23/05/2022  Gli anniversari sono difficili per chi ha vissuto da dentro, rinnovano il dolore, anche a distanza di tanti anni graffiano l'anima, per questo il ricordo civile e doveroso dovrebbe tenersi alla larga dalla retorica e dalla tentazione del sensazionalismo a ogni costo

Da trent’anni commemoriamo Giovanni Falcone un uomo solo in vita, con tanti amici postumi. Da trent’anni con fatica ci sforziamo di non dimenticare i nomi degli agenti morti con lui e con Francesca Morvillo, moglie e collega. A ogni anniversario, meglio se tondo, si va a caccia di indiscrezioni, di inediti, sempre più difficili da trovare: man mano che passa, il tempo lava via le tracce dalle cose e dalla memoria delle persone.

Per un Paese è un dovere civico tenere memoria del suo tragico passato, serve a tenere insieme un tessuto civile.

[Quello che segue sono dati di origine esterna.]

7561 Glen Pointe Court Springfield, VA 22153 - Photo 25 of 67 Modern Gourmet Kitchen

Quando la cifra dell’anniversario si fa tonda si moltiplicano gli sforzi e qualche volta anche le forzature, per trovare l’indiscrezione a tutti i costi, anche se è chiaro che il rischio maggiore è che i ricordi e le testimonianze si rendano via via meno esatte. C’è una una frase che mi torna in mente spesso in questi giorni, è della mamma di Rocco Dicillo, mi è stata riferita dalla sua promessa sposa: «Maggio non dovrebbe venire mai». Perché per chi non può darsi pace di un affetto perduto (e alla perdita di un figlio non ci si rassegna) la memoria collettiva, il dovere civile di non dimenticare, sono sofferenza che si rinnova.

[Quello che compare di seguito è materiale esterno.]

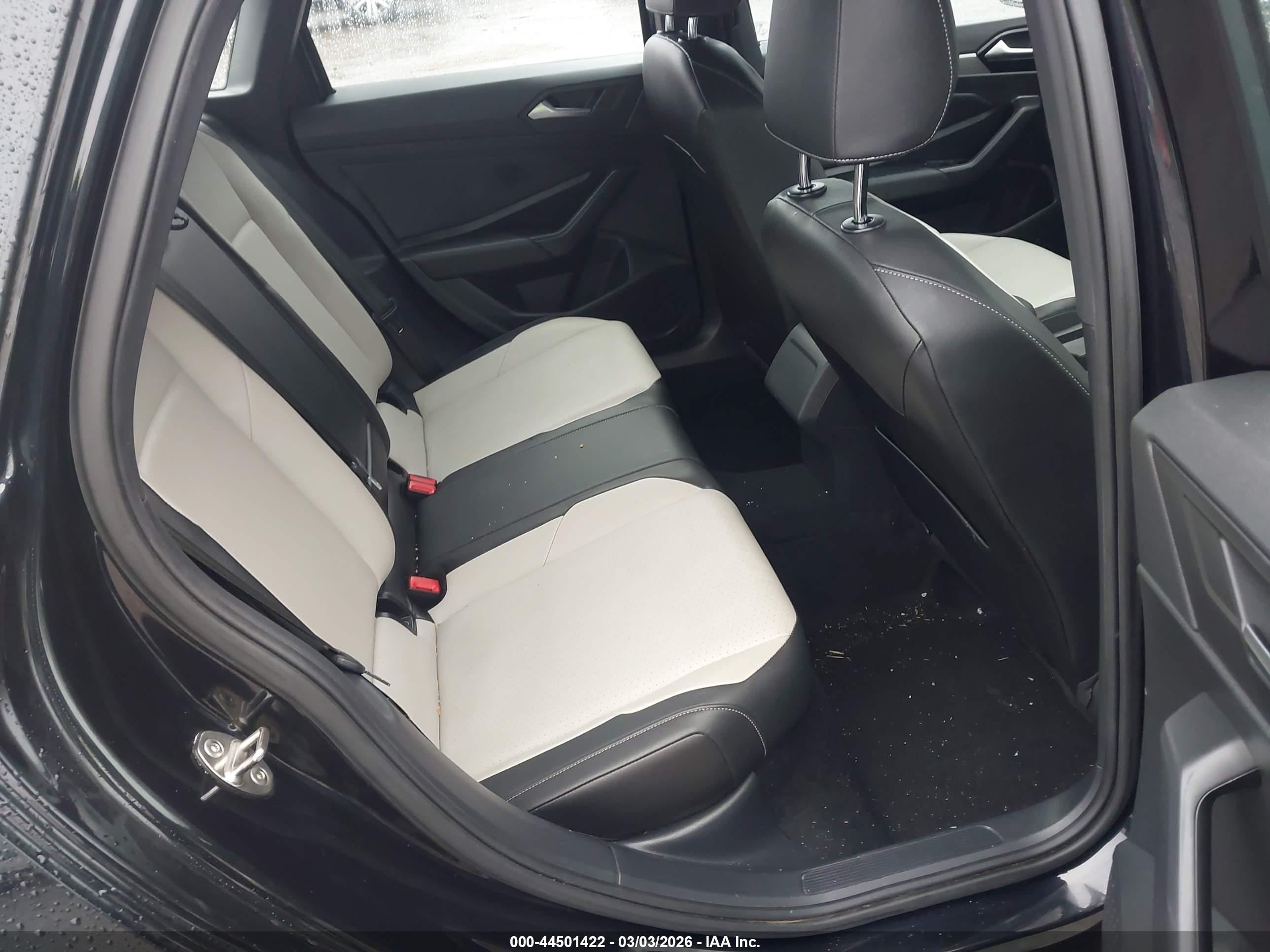 VOLKSWAGEN JETTA image 8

Si finisce per infierire, anche non volendo: eccedendo nella retorica o nella dietrologia o andando a scavare in particolari macabri. E invece nel delicato passaggio in cui la cronaca si allontana verso la storia, ma non abbastanza da non poter ferire ancora, forse l’unico modo di avere riguardo è mantenere il rigore se non della verità, che nessuno possiede fino in fondo, almeno della sobrietà.